Assistance aux opérations exceptionnelles

Cession d’entreprise : enjeux fiscaux et patrimoniaux pour le dirigeant

La fiscalité d’une cession d’entreprise se prépare en amont pour optimiser la plus-value, sécuriser le net perçu et structurer le patrimoine post-cession.

Cession d’entreprise : enjeux fiscaux et patrimoniaux pour le dirigeant

En résumé

La cession d’entreprise est un moment patrimonial majeur qui doit être préparé plusieurs années en amont pour optimiser le montant réellement perçu après fiscalité. Plus-value de cession, flat tax, barème progressif, abattement pour départ à la retraite, apport-cession, pacte Dutreil, earn-out, garantie d’actif-passif et réorganisation patrimoniale post-cession doivent être analysés avant l’ouverture des négociations. Cet article présente les principaux régimes fiscaux applicables, les erreurs fréquentes et les bonnes pratiques pour structurer une cession dans de bonnes conditions.

La cession d’entreprise est l’événement patrimonial le plus significatif dans la vie d’un dirigeant. En quelques semaines, elle cristallise des années — parfois des décennies — de valeur accumulée. Mais entre le prix négocié et le montant effectivement perçu après fiscalité, l’écart peut dépasser 30 %. La différence entre un dirigeant qui maximise ce résultat et un autre qui subit l’imposition de plein fouet ne tient pas au hasard : elle tient à la qualité de la préparation, idéalement engagée trois à cinq ans avant l’opération.

Le calcul de la plus-value de cession

La plus-value imposable est la différence entre le prix de cession net (prix stipulé dans l’acte, diminué des frais de cession) et le prix de revient fiscal des titres cédés.

Le prix de revient fiscal correspond :

  • Au prix d’acquisition initial des titres (souscription ou rachat)
  • Majoré des apports en numéraire ou en nature ultérieurs
  • Augmenté des frais d’acquisition (honoraires, droits d’enregistrement)

Pour un dirigeant ayant créé sa société avec un capital initial de 10 000 € et la cédant 4 000 000 €, la plus-value brute est de 3 990 000 € environ — c’est cette somme qui sera soumise à l’un des régimes fiscaux applicables.

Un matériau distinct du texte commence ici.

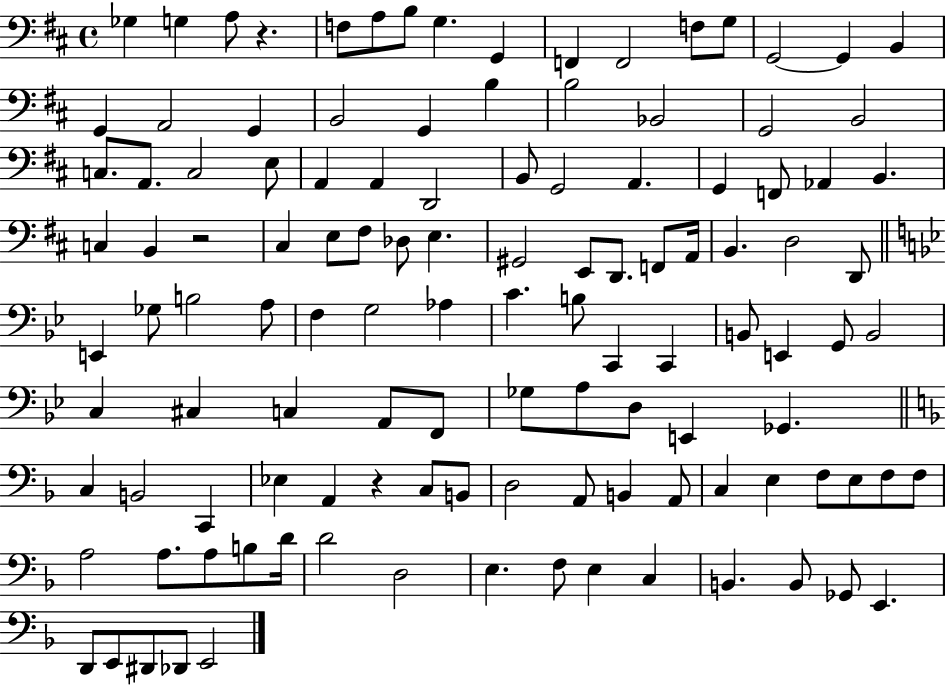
X:1
T:Untitled
M:4/4
L:1/4
K:D
_G, G, A,/2 z F,/2 A,/2 B,/2 G, G,, F,, F,,2 F,/2 G,/2 G,,2 G,, B,, G,, A,,2 G,, B,,2 G,, B, B,2 _B,,2 G,,2 B,,2 C,/2 A,,/2 C,2 E,/2 A,, A,, D,,2 B,,/2 G,,2 A,, G,, F,,/2 _A,, B,, C, B,, z2 ^C, E,/2 ^F,/2 _D,/2 E, ^G,,2 E,,/2 D,,/2 F,,/2 A,,/4 B,, D,2 D,,/2 E,, _G,/2 B,2 A,/2 F, G,2 _A, C B,/2 C,, C,, B,,/2 E,, G,,/2 B,,2 C, ^C, C, A,,/2 F,,/2 _G,/2 A,/2 D,/2 E,, _G,, C, B,,2 C,, _E, A,, z C,/2 B,,/2 D,2 A,,/2 B,, A,,/2 C, E, F,/2 E,/2 F,/2 F,/2 A,2 A,/2 A,/2 B,/2 D/4 D2 D,2 E, F,/2 E, C, B,, B,,/2 _G,,/2 E,, D,,/2 E,,/2 ^D,,/2 _D,,/2 E,,2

En cas d’earn-out (complément de prix conditionnel), la fraction différée est imposée l’année de son versement, selon le régime fiscal applicable à cette date. Ce point doit être anticipé dans la structuration de l’opération pour éviter une imposition à taux plein sur un complément perçu des années plus tard.

Les cinq régimes fiscaux applicables

Régime Taux effectif Conditions principales Intérêt
Flat tax (PFU) 30 % (12,8 % IR + 17,2 % PS) Droit commun, sans condition Simple, prévisible
Barème progressif TMI + 17,2 % PS Option globale Avantageux si faibles revenus
Abattement retraite 30 % sur PV > 500 K€ (IR seul) Départ à la retraite, PME, détention ≥ 1 an, cessation fonctions ± 2 ans Puissant pour dirigeants proches de la retraite
Apport-cession (150-0 B ter) Report puis extinction Apport à holding contrôlée avant cession, réinvestissement 60 % Optimal pour réinvestissement
Pacte Dutreil (transmission) Abattement 75 % Transmission familiale, engagements collectif/individuel/fonctions Transmission à la famille uniquement

Régimes fiscaux applicables à la plus-value de cession de titres

Source : CGI articles 150-0 A, 150-0 D, 150-0 D ter, 150-0 B ter

Le régime flat tax est le régime par défaut. Il offre une lisibilité immédiate et s’applique sans démarche particulière. Son taux de 30 % peut paraître élevé, mais il reste préférable au barème progressif pour un dirigeant avec un TMI de 41 % ou 45 %.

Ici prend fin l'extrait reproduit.